PBSR is pushing players towards MMR, which system considers “the player’s”. The system clearly has some predisposition in mind about everyone below Diamond :slight_smile:


Has it occurred to you that MMR is working just fine on Free for All? The reason you’re seeing vast jumps in skill when taking first place is because first place is indeed many times as valuable as the other placements. FFA comp also has much less information about every player, since it’s new, so that’s another reason you’d see larger swings in skill. There’s also less players: bigger swings in skill.

FFA comp is a small taste of what an MMR reset would actually mean. You complained about struggling to reach diamond, but that’s actually quite impressive; plenty of GMs placed in that vicinity. Low master was top 100 a couple days ago. You are basically complaining that the MMR was out to get you when you approached diamond , when in fact it was just putting you against the other people approaching diamond… many of whom are quite good.


For all we know PBSR is applied to the underlying MMR in addition to the SR. As I said, PBSR’s relationship with MMR/SR is unknown. They said it basically did nothing at the higher ranks when they removed it, if I’m remembering right. In the long run it probably does nothing other than move vastly misplaced players to the appropriate rank quicker.


It’s not revealed because it’s not a player friendly number, it probably changes in ways that seem unfair or capricious; it also is dependent on multiple values rather than just a single one, so it’s harder to display the information in a useful way to the player. All this is why SR exists in the first place: SR is not quite as accurate at determining skill as MMR, but it’s close while also being much consistent and fair, so they use that for the rewards and bragging rights.

I wouldn’t mind MMR being revealed, but don’t try to imply it’s some sinister conspiracy to keep it hidden.
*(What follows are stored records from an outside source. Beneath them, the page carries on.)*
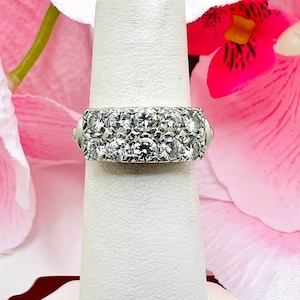 14K White Gold Diamond 1.00ct Double Row Ring Size 5.5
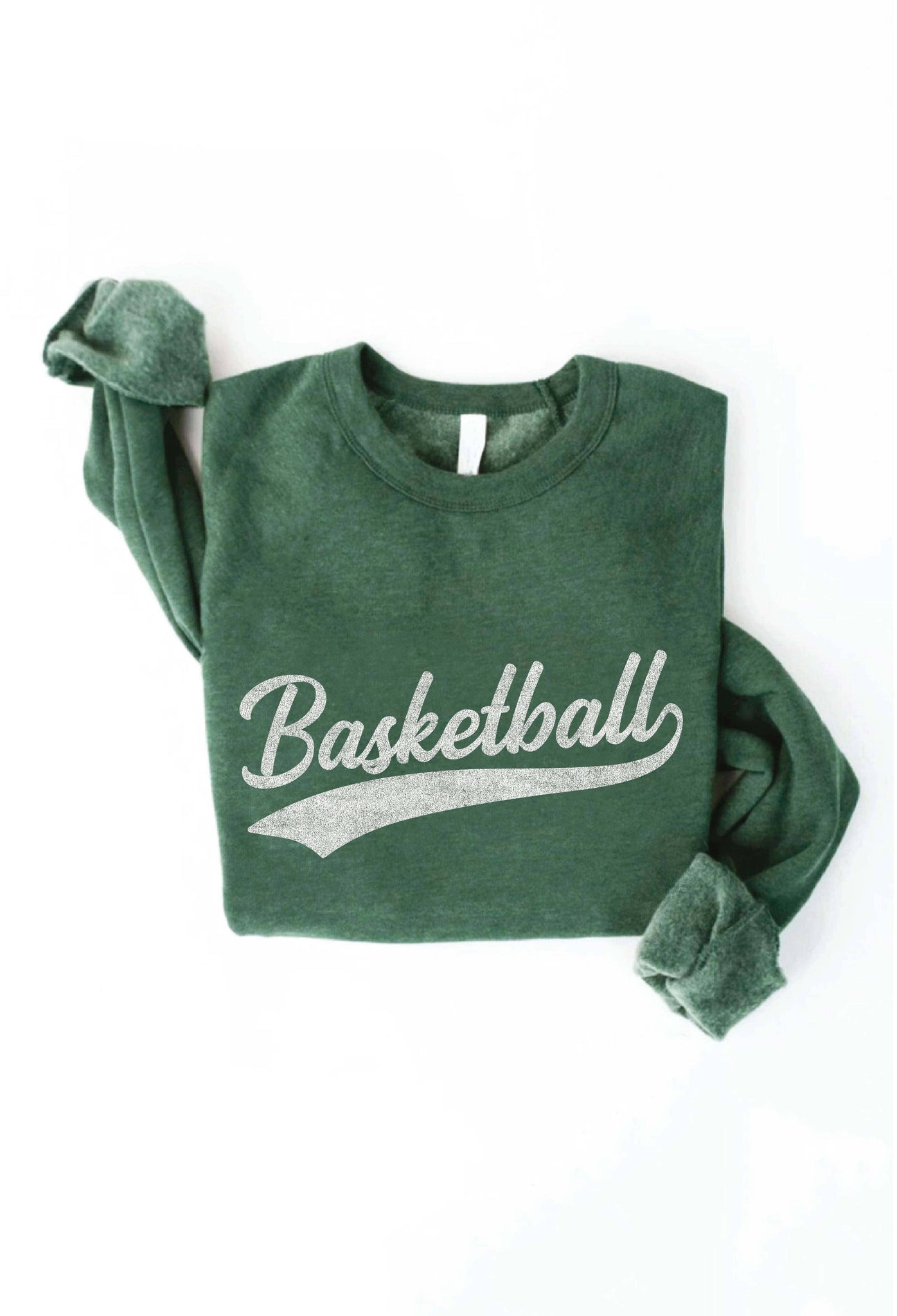 BASKETBALL Green Graphic Sweatshirt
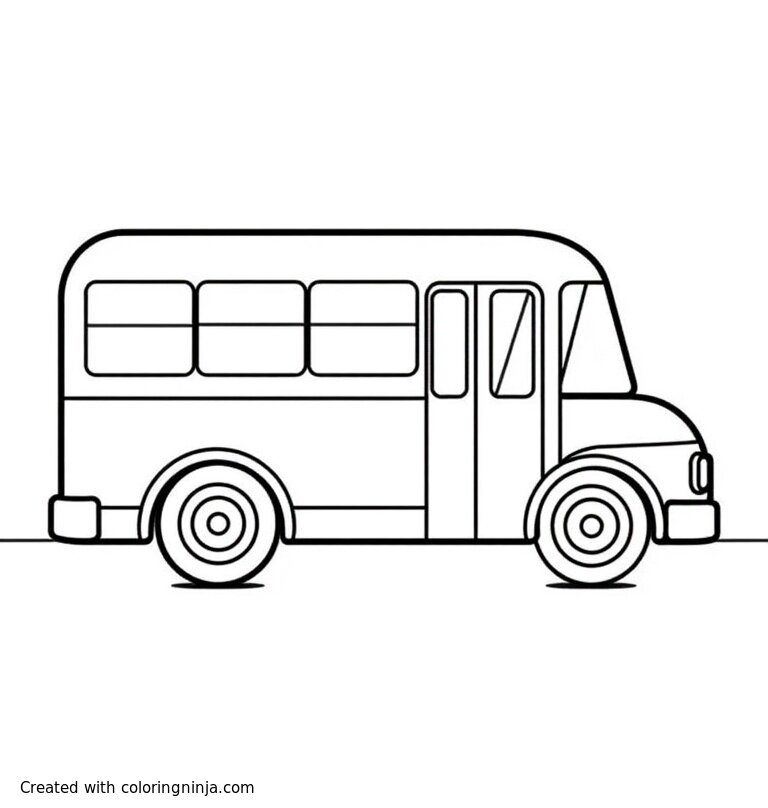 A coloring page of bus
They removed PBSR in higher ranks to prevent stats-hunting and encourage teamplay (figures - we, belowdiamonds, do not deserve to play for wins only).
Anyway, whatever the reason it was removed. You see, the problem with SR in OW is - it is no way a measurement of player’s skill. Because:

  1. It takes at least 20 games during a season to stop fluctuations due to matchmaker uncertainty. WTH, I’m playing for 5 seasons without breaks, and it still has uncertainty every 2 months??

  2. There are two invisible to player factors, affecting his SR movement - MMR and PBSR. We, as you have just said, have no idea about their relations -> we have 0 control of our advancement.

  3. SR for flex players is total garbage, since the skillsets for different roles (let alone, characters) are completely different. IT is MUCH easier for matchmaker to correctly rate a onetrick player, then flex player (your C.O.).

So, when a game tries to match players into teams, based on “certain SR range” (which is also unknown after season 7 changes), it effectively is using pointless metric. You could argue, that they match players according to MMR (I know, they do). But what insight about your gameplay can this fact give you? That you are at the same MMR bracket with that idiot one-trick DPS instalocker? Well, thanks, but no thanks.


The number one thing that sticks out to me in all the developers comments is the “certainty” factor. As in, once you’ve played enough games the system is “certain” of where you should be and prevents you from going up even if you actually do improve as a player.

I’ve been a high plat (like 2800ish) player since season 2 when they started using the current SR system. This season I started playing Brigitte and I’ve been destroying, I have like a 70% win rate with her over 50 games or so, and guess what? I’m still sitting right around 2800 because I get like 15 points for a win and lose 25 for a loss, as in the matchmaker is so certain that 2800 is where I belong that it bends my SR gains to keep me there even though I’m winning at a much higher rate, but it has no ability to see that it’s because of me playing a new character and improving at the game not just some insane luck streak, it’s really annoying.